====== PROVIDED RECORDS ======

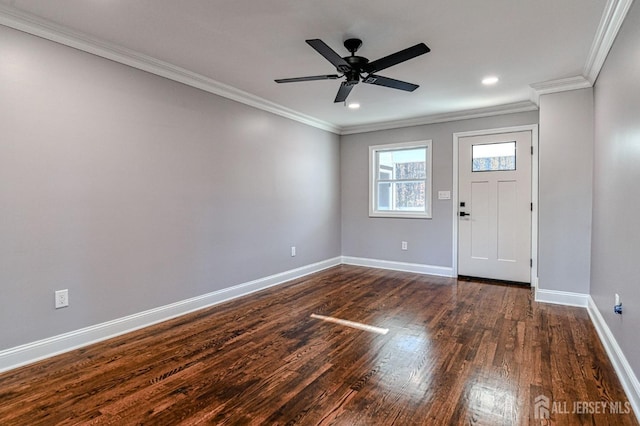 foyer with dark hardwood / wood-style floors, ceiling fan, and crown molding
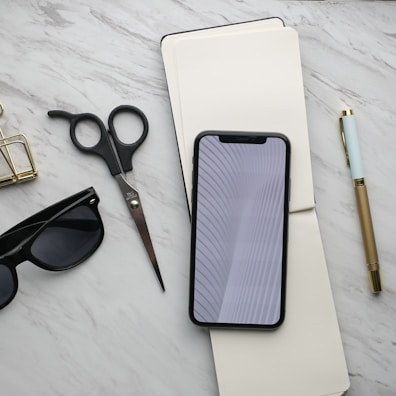 A flat lay of trendy accessories on a marble background.
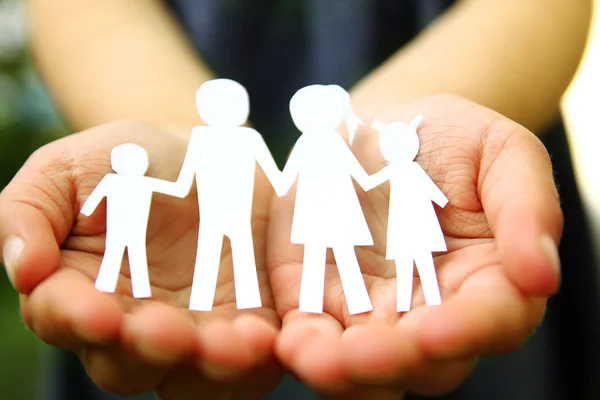 Hands holding family sign — Stock Photo, Image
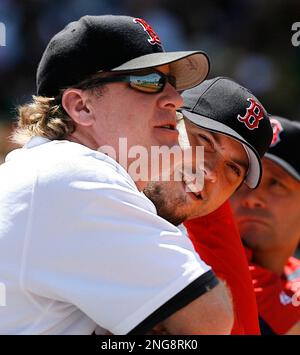 Tampa Bay Rays pitchers Josh Fleming, left to right, Zach Eflin and Shane  McClanahan laugh in the dugout after watching infielder Luke Raley pitch  during a baseball game against the Toronto Blue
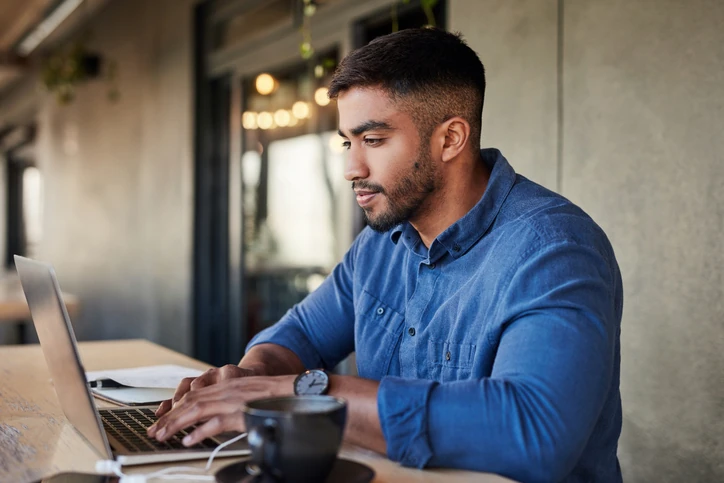 Profissional jovem focado trabalhando remotamente em seu computador portátil com café em um ambiente inspirador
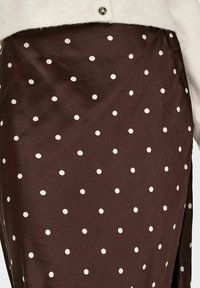 Jupe marron à pois blancs, en tissu lisse, avec un ourlet asymétrique et un léger éclat. Assortie à un cardigan léger.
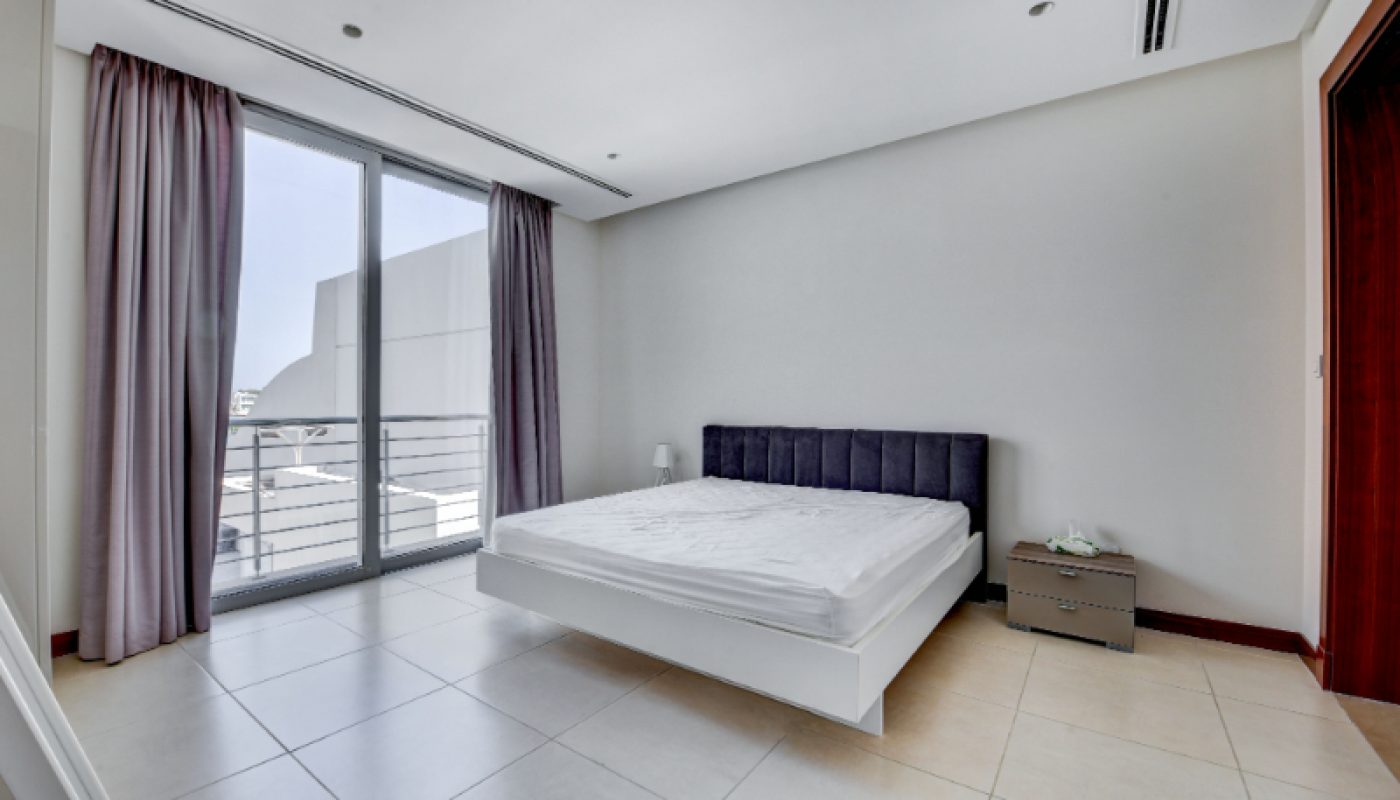 Minimalist bedroom with a large window, a bed with a dark headboard, a bedside table, neutral walls, tiled floor, and light purple curtains.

======

TASK PROMPT:
Exactly the lines from the one containing "Tampa Bay Rays" through the end of the data above: repeat those, both ends included, and nothing else. Skip the pictures.

TASK SOLUTION:
 Tampa Bay Rays pitchers Josh Fleming, left to right, Zach Eflin and Shane  McClanahan laugh in the dugout after watching infielder Luke Raley pitch  during a baseball game against the Toronto Blue
 Profissional jovem focado trabalhando remotamente em seu computador portátil com café em um ambiente inspirador
 Jupe marron à pois blancs, en tissu lisse, avec un ourlet asymétrique et un léger éclat. Assortie à un cardigan léger.
 Minimalist bedroom with a large window, a bed with a dark headboard, a bedside table, neutral walls, tiled floor, and light purple curtains.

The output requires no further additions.